In normal pregnancy, the proliferating trophoblast invades the decidua and the adjacent myometrium in 2 forms: interstitial and endovascular. The role of the interstitial form is not clear but it may serve to anchor the placenta. The endovascular trophoblastic cells invade the maternal spiral arteries, where they replace the endothelium and destroy the medial elastic and muscular tissue of the arterial wall. The arterial wall is replaced by fibrinoid material. This process is complete by the end of the first trimester, at which time it extends to the deciduomyometrial junction. There appears to be a resting phase in the process until 14 to 16 weeks' gestation, when a second wave of trophoblastic invasion extends down the lumen of the spiral arteries to their origin from the radial arteries deep in the myometrium. The same process is then repeated, ie, replacement of the endothelium, destruction of the medial musculoelastic tissue, and fibrinoid change in the vessel wall. The end result is that the thin-walled, muscular spiral arteries are converted to saclike, flaccid uteroplacental vessels, which passively dilate to accommodate the greatly augmented blood flow required in pregnancy (Fig 19-2).
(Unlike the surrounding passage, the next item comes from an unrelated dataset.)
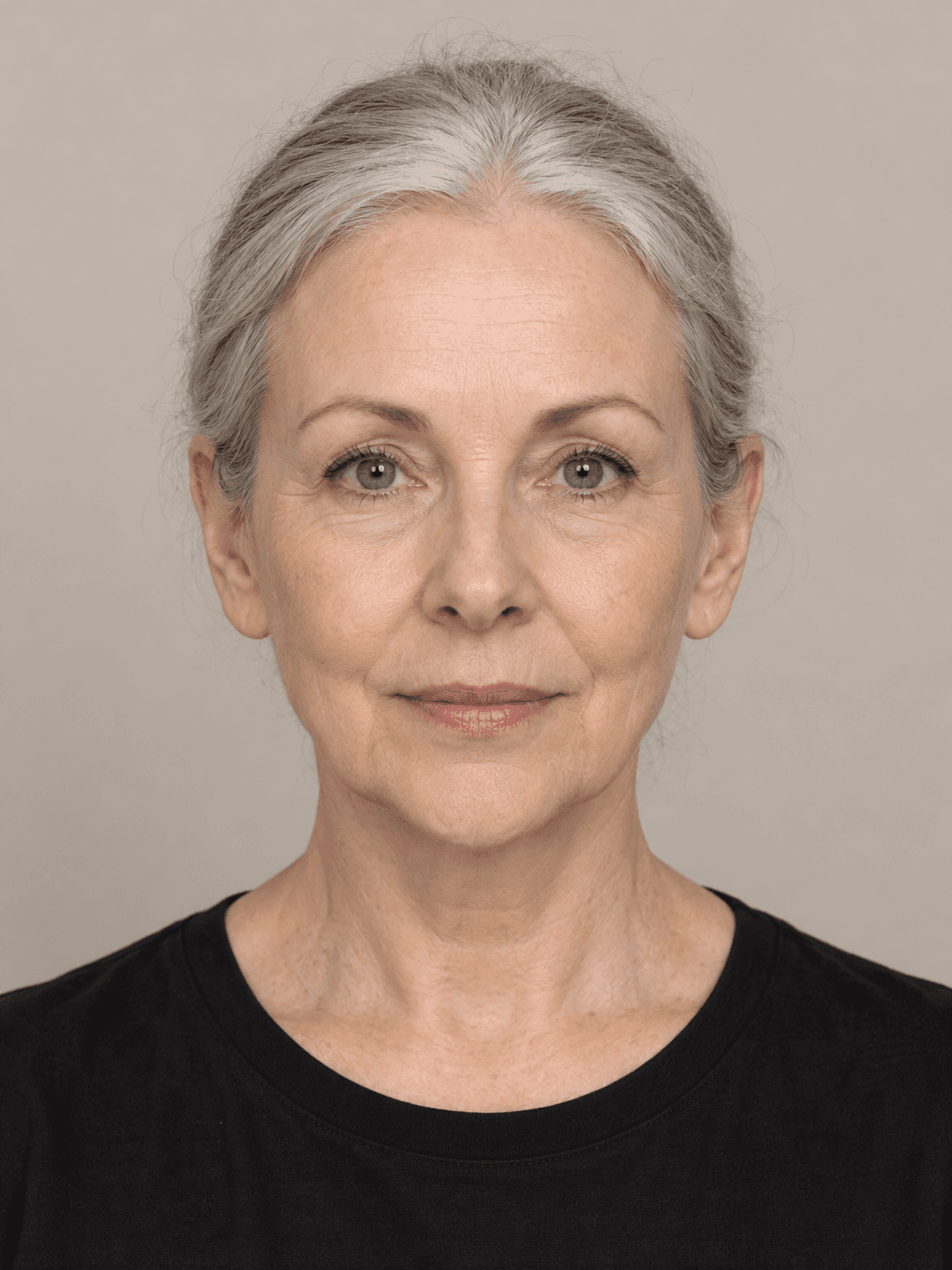 Woman, front view, with fair skin and straight grey hair pulled back in a low bun.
Preeclampsia develops following a partial failure in the process of placentation. First, not all the spiral arteries of the placental bed are invaded by trophoblast. Second, in those arteries that are invaded, the first phase of trophoblastic invasion occurs normally, but the second phase does not occur, and the myometrial portions of the spiral arteries retain their reactive musculoelastic walls.
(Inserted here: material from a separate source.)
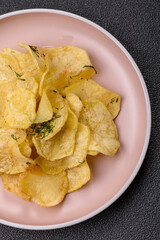 Crisps fried with salt, spices and garlic. Cooked potatoes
In addition, acute atherosis (a lesion similar to atherosclerosis) develops in the myometrial segments of the spiral arteries of patients with preeclampsia. The lesion is characterized by fibrinoid necrosis of the arterial wall, the presence of lipid and lipophages in the damaged wall, and a mononuclear cell infiltrate around the damaged vessel. Acute atherosis may progress to vessel obliteration with corresponding areas of placental infarction.

Thus, in preeclampsia there is an area of vascular resistance in the spiral artery because of failure of the second wave of trophoblastic invasion. In addition, acute atherosis further compromises the vascular lumen. Consequently, the fetus is subjected to poor intervillous blood flow from the time of early gestation; this may result in intrauterine growth retardation or stillbirth. Antihypertensive therapy may be detrimental because peripheral vasodilatation may further reduce the already compromised placental blood flow.
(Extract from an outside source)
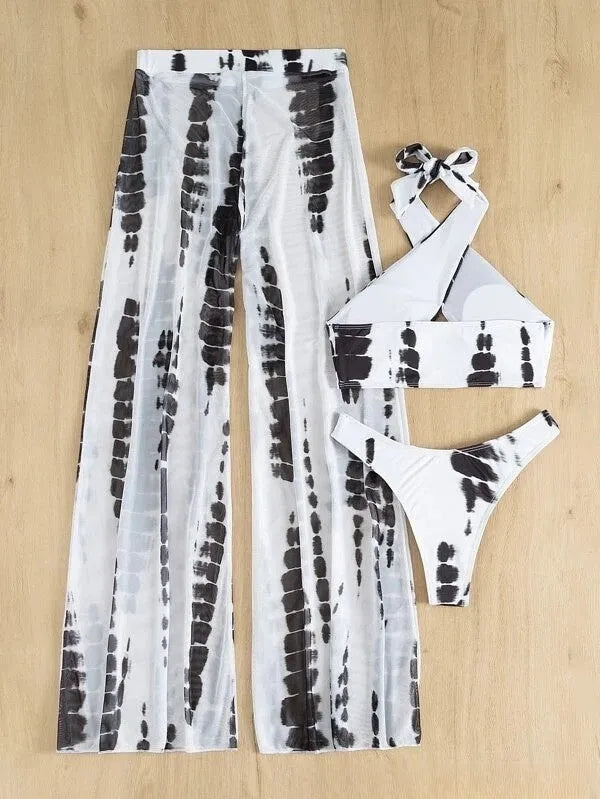 Women's black and blue printed three-piece swimsuit set with bikini top and mesh trousers.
Figure 19-1. Representation of the relationship between cerebral blood flow and mean arterial blood pressure. Cerebral blood flow normally remains constant at mean arterial pressures of 60-140 mm Hg. In chronically hypertensive patients, medial hypertrophy causes the lower and upper limits of autoregulation to be shifted to higher blood pressure values. (Modified and reproduced, with permission, from Donaldson JO: Neurology of Pregnancy. Saunders, 1978.)0

Figure 19-2. The placental bed in normal and preeclamptic pregnancy. In preeclampsia, the physiologic changes in the uteroplacental arteries do not extend beyond the deciduomyometrial junction, leaving a constricting segment between the radial artery and the decidual portions. (Reproduced, with permission, from Brosens IA: Morphological changes in the uteroplacental bed in pregnancy hypertension. Clin Obstet Gynaecol 1977;4:573.)0

Clinical Findings

A. Symptoms and Signs

1. Hypertension - Hypertension is the most important criterion for the diagnosis of preeclampsia, and it may occur suddenly. Many young primigravidas have blood pressure readings of 100-110/60-70 mm Hg during the second trimester. An increase of 15 mm Hg in the diastolic or 30 mm Hg in the systolic pressure should be considered ominous. Thus, in these patients, blood pressures of 120/80 mm Hg may be relative hypertension. The blood pressure is often quite labile. It usually falls during sleep in patients with mild preeclampsia and chronic hypertension, but in patients with severe preeclampsia, blood pressure may increase during sleep, eg, the most severe hypertension may occur at 2:00 AM.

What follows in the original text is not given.